Bay Area Knee Injury Specialist Discusses Common Ski Injuries
Each year more than a half a million people will suffer a ski-related injury. Knee injuries are the most common, accounting for 30-40%. Recognizing the injury when it occurs and treating it properly is the best way to quicken recovery time and increase the chances of a return to the slopes before the end of the season.
Active adults tend to downplay injuries, but some will only worsen if they are not recognized immediately and treated properly by a knee surgeon in San Francisco.
Injuries to the anterior cruciate ligament, medial, and the collateral ligament account for nearly half of all knee injuries on the slopes. Ironically, changes to the design of boots, bindings and skis to prevent the too-common leg fractures of the 1970’s have often been the cause.
Current ski and boot designs are beginning to reverse this trend, providing the tools needed to practice the carving technique in skiing. Carving can make for a more enjoyable and safer skiing experience. However, the training or retraining period can be a time when risk of injury is greater, particularly to the knee area.
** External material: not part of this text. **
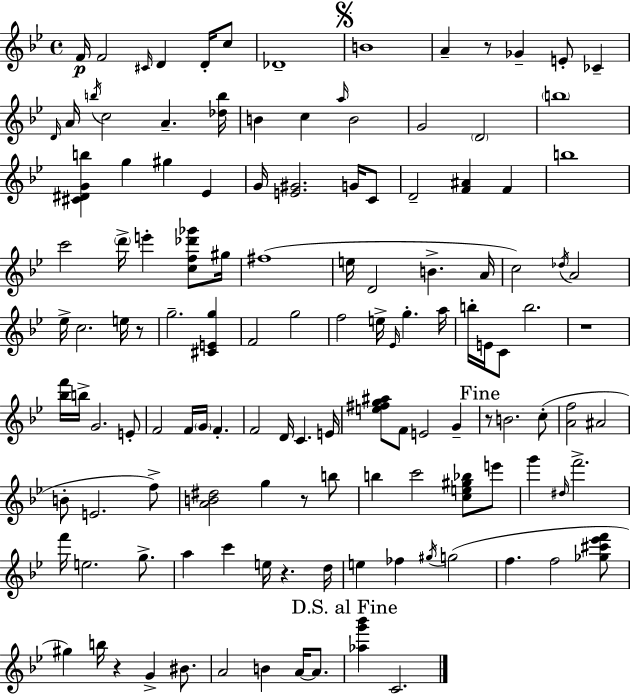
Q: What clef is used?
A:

Ligament injuries can be easy to recognize, because they often involve a popping sound that lets the skier know what has happened. But sometimes a torn or ruptured ligament won’t pop, so the skier must rely on a number of other symptoms in order to properly recognize the injury.
Additional signs of a ligament injury include:
- Immediate searing pain, followed by a dull, painful sensation in the knee
- Swelling around the knee immediately
- Difficulty bearing weight on the knee
- A wobbly sensation, as though the kneecap is floating and/or out of place
Any of these symptoms should prompt one to consult with a knee injury specialist in San Francisco.
Key Treatment Approaches for Ski-Related Knee Injuries
When knee ligaments are torn, ruptured, or even severely strained, it’s critical to begin treatment right away. Delayed treatment can increase the need for more aggressive treatment down the line, compromise the chance of a full recovery, lengthen the skier’s return to the sport, and even lead to severe arthritis in the joint.
Initial treatment of all knee injuries should begin with RICE: Rest, Ice, Compression and Elevation.
Consult with a knee doctor in the Bay Area within 24 hours if symptoms persist or worsen during the first six to eight hours. Often the best option for patients who wish to return to an active lifestyle after a knee injury is arthroscopic reconstruction of the ligament. The minimally-invasive procedure is usually done in a same-day surgery facility, and involves grafting tendons from the patella or hamstring to replace the torn or ruptured ligaments. A successful surgery followed by physical therapy and use of bracing equipment can reduce the risk of reinjury by nearly 300%.